Das Gefühl, dass da eine Truppe ist, die so felsenfest von sich selbst und den eigenen Fähigkeiten überzeugt ist, hat es in dieser Form in der Ligageschichte noch nie gegeben - und es haben, weiß Gott, viele wunderbare Teams in der langen Historie der Bundesliga groß aufgespielt. Doch zumeist haben sich selbst von kleineren Störfeuern irgendwann aus der Bahn werfen lassen. Das ist dieses Mal auf frappierende Art und Weise anders.
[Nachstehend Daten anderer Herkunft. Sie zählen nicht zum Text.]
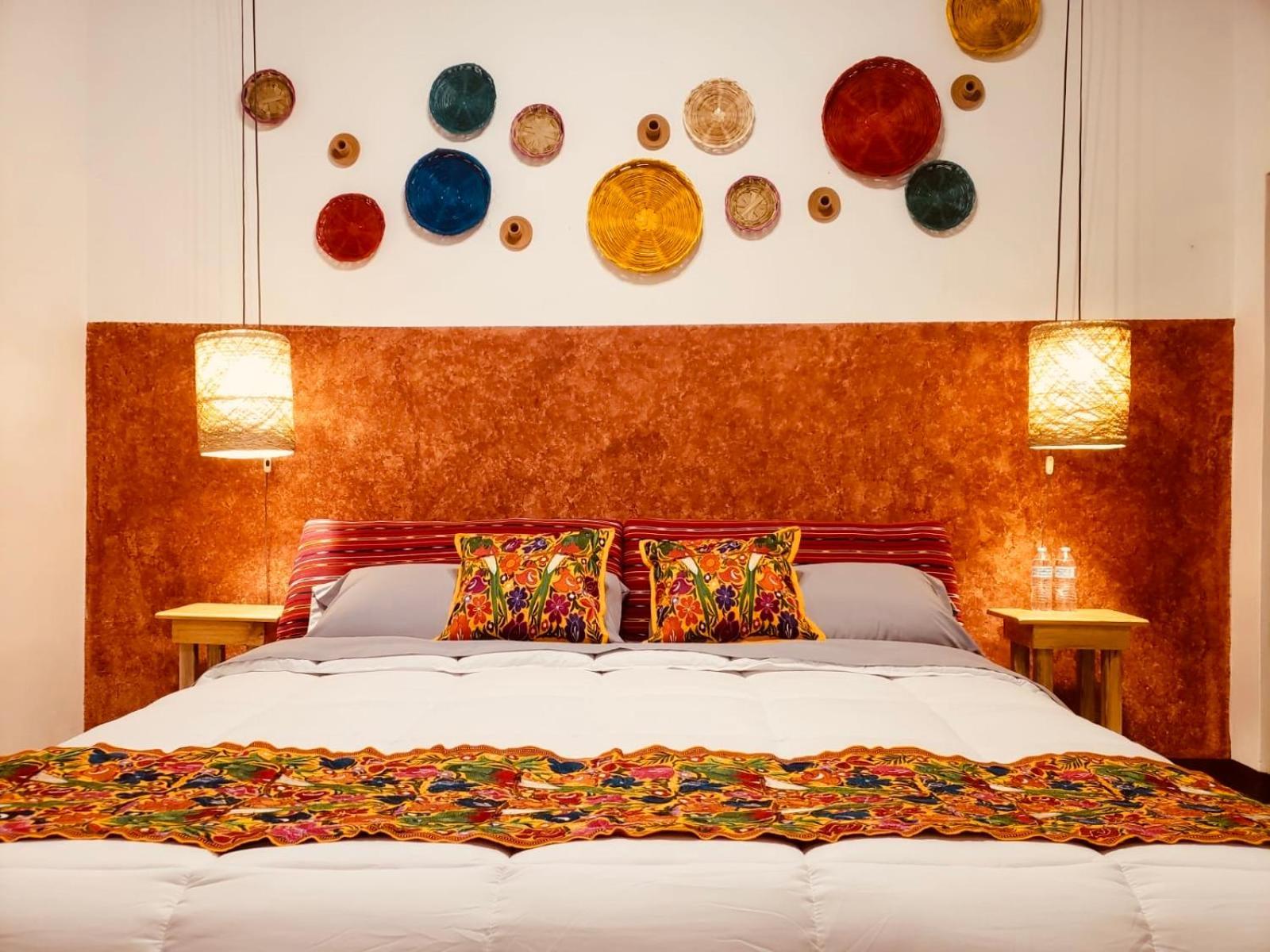 Luna Maya Boutique Hotel أنتيغوا غواتيمالا المظهر الخارجي الصورة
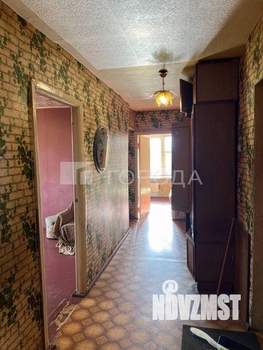 3-к квартира, вторичка, 59м2, 3/5 этаж
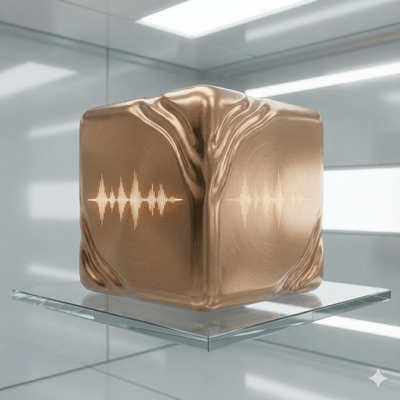 Bronze Relic: Bass Key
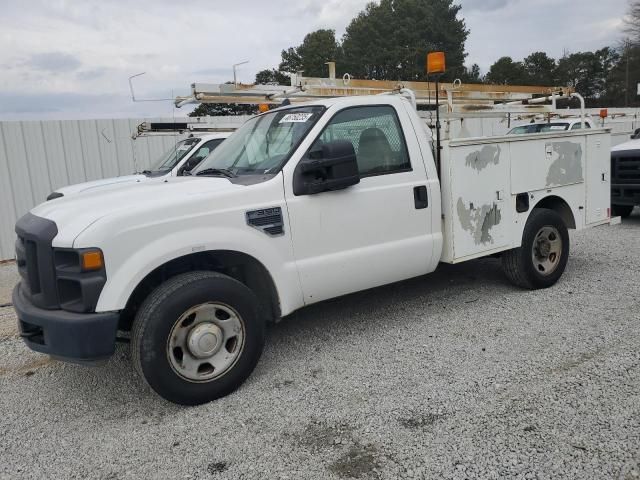 2008 Ford F350 SRW Super Duty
Die Bayern des Jahres 2020 kann scheinbar nichts von ihrem beeindruckenden Weg abbringen. Kleinere und größere Skandale um Manuel Neuer oder Robert Lewandowski und öffentlich ausgetragene Probleme bei Vertragsverlängerungen wie bei David Alaba werden einfach weggelächelt. Am darauffolgenden Spieltag steht dann wieder eine Mannschaft auf dem Platz, die sich einfach nicht aus dem Konzept bringen lässt. Vollgas-Fußball vom Feinsten und wechselnde Protagonisten an vorderster Front, die mit breiter Brust vorangehen. Wenn dieses Team und sein Trainerstab genau wüssten, woher der Erfolg und diese Selbstverständlichkeit des Siegens kommen, dann würde sie dieses Geheimnis in Tüten abfüllen lassen und teuer hinaus in die Welt verkaufen.
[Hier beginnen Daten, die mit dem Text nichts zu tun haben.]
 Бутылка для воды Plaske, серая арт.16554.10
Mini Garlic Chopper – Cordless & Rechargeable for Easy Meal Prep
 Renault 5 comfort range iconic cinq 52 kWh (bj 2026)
Was ist denn hier genau passiert?
Denn eine präzise Erklärung dafür, warum eine Mannschaft, die noch im Herbst des vergangenen Jahres in fast identischer Besetzung wie heute auflief und häufig katastrophal an sich selbst scheiterte, sich innerhalb so kurzer Zeit so phänomenal entwickeln kann, gibt es nicht. Natürlich wird es vor allem auch am Trainertausch von Niko Kovac hin zu Hansi Flick gelegen haben - aber als einziger Grund für diesen unglaublichen Turnaround kann und darf dieser Wechsel nicht gelten. Es sind eine Reihe von Dingen, die momentan auf eine so perfekte Art und Weise ineinander greifen, dass wohl auch im Innersten des Vereins niemand weiß, was genau zu dieser spektakulären Situation geführt hat. Vielleicht ist es am Ende auch nur ehrlich, wenn man sachlich-nüchtern feststellt: So ist Fußball eben.
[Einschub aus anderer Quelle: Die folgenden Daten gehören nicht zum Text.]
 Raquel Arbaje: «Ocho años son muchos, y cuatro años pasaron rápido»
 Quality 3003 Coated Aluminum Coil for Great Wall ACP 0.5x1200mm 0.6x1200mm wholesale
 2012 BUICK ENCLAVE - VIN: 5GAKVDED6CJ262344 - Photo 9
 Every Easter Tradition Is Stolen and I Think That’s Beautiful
Denn, wie es präzise andersherum laufen kann, erfährt gerade der Gegner der Bayern vom Freitagabend, der FC Schalke 04. Dort will seit Monaten nichts, aber auch rein gar nichts mehr gelingen. Dabei hatte die vergangene Saison unter Trainer David Wagner doch so vielversprechend begonnen. Nach dem 17. Spieltag standen die Königsblauen mit 30 Zählern punktgleich mit dem BVB auf Rang fünf der Tabelle. In den weiteren siebzehn Partien sollten im Jahr 2020 dann allerdings nur noch neun Punkte dazu kommen. Ein sportliches Desaster ungeahnten Ausmaßes - und genau wie beim FC Bayern München stellt man sich in Gelsenkirchen die alles entscheidende Frage: Was ist denn hier genau passiert?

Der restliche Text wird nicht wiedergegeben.